A Sen. Wayne A. Schmidt (R-Traverse City) bill aiming to boost the state’s earned income tax credits (EITCs) by up to 30% of an individual’s federal EITC over several years received its first hearing Wednesday in a Senate committee.
Supporters of both the federal and statewide EITC laws have described them as “the single most successful anti-poverty policy” for its government-provided incentive to join the labor force. In 2006, Michigan passed its own EITC, offering working tax filers to obtain a tax credit on their state income taxes that was equivalent to 20% of their federal EITC.
“In 2011, the Michigan EITC was reduced to 6% of the federal credit,” Schmidt said at Wednesday’s Senate Finance Committee meeting. “In 2011, it was a much different time. We had to make difficult cuts to balance the budget. We’ve come a long way since then and we now have the opportunity to use this tool to make transformational changes for Michigan’s families.”
Schmidt said in 2019, approximately 738,000 households in Michigan received an average benefit of $150 from the state’s EITC, subtracting $111 million from the state’s General Fund (GF).
“My bill would take the EITC from its current 6% and increase it from 15% up to 30% over the course of several years – so what’s the difference between the current 6% and 30% as proposed? A single mother with two children making a little over $17,000 a year gets nearly a $6,000 federal EITC and, under current Michigan law, about $350 from the state,” Schmidt said.
If the state were to increase its EITC to 30%, that mother could receive nearly $1,800 as an incentive for being a working mom.
Schmidt’s SB 417 would increase the EITC year-by-year, hopping from 7% in the 2021 tax year, 8% in the 2022 tax year, 9% in 2023 and so on.

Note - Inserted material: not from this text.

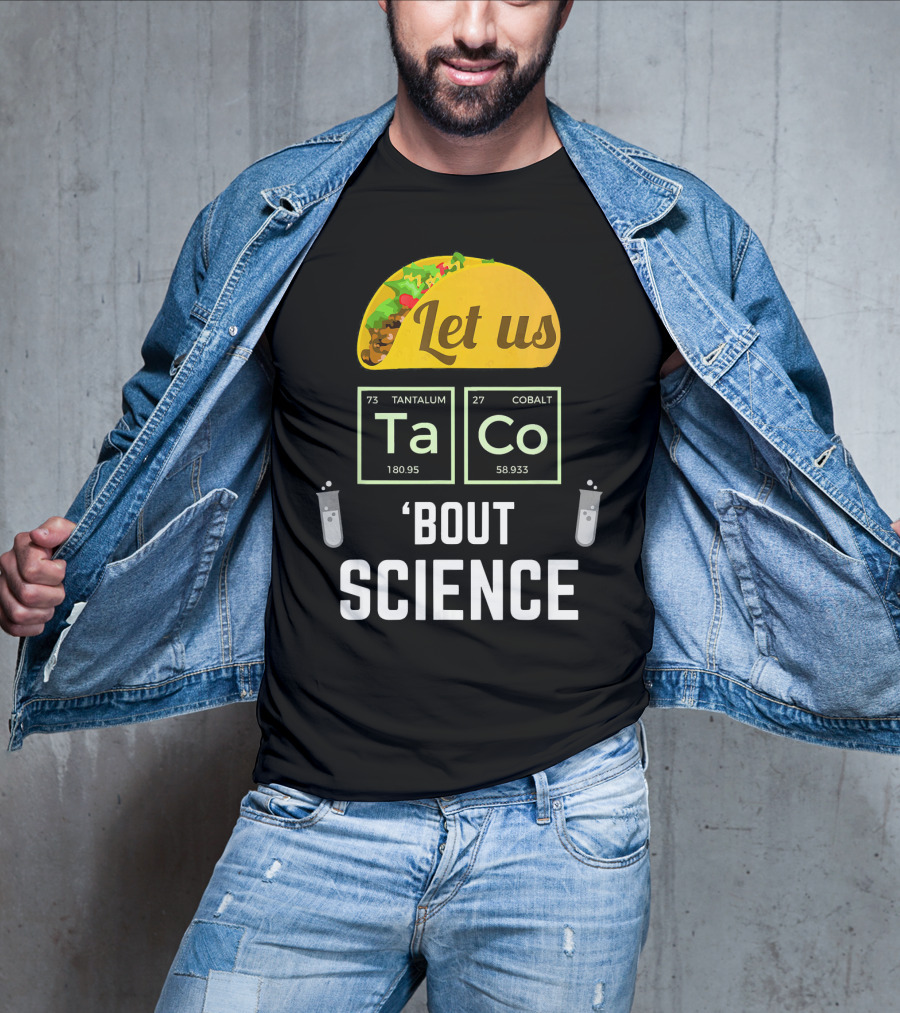 Let Us Taco TaCo 'Bout Science T-Shirt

Funding a state EITC at 15% would reduce the GF by $175.1 million above the current 6%, and reaching 30% would increase GF losses by $460 million. Schmidt said COVID-19 recovery dollars can be utilized to prepare for these financial drops, but clarified that he doesn’t want to reduce the EITC value when federal assistance is no longer as massive as it is now.
Already, organizations like the Small Business Association of Michigan and the Michigan Restaurant and Lodging Association (MRLA) are supporting the legislation, viewing SB 417 as potentially being a saving grace amidst an unprecedented labor shortage.
John McNamara, vice president of government affairs for the MRLA, said although hospitality wages in Michigan are up by 12.2% from February 2020 to September 2021 – above the 6.9% average across all other private sector employers – the industry is about 66,000 employees short from December 2019.
“Michigan’s hospitality industry is likely years away from being back to a pre-COVID-19 status, getting staff back to a pre-pandemic level will be pivotal toward reintegration and I firmly believe SB 417 will help achieve that goal,” McNamara said.
Phillip Knightof the Food Bank Council of Michigan also supported the bill, explaining that more than 50% of those who utilize Michigan’s food banks are employed and distribution across food banks has skyrocketed by 47% during the COVID-19 pandemic.
Additionally, 24% of those coming to the food banks are children 18 years-old and under.
“We support the EITC simply from the standpoint that if it puts more money into families, household budgets and they’re able to provide for themselves and choose trade-offs off the table between rent and food and utilities…that lessens the severity and stress on our network,” Knight said.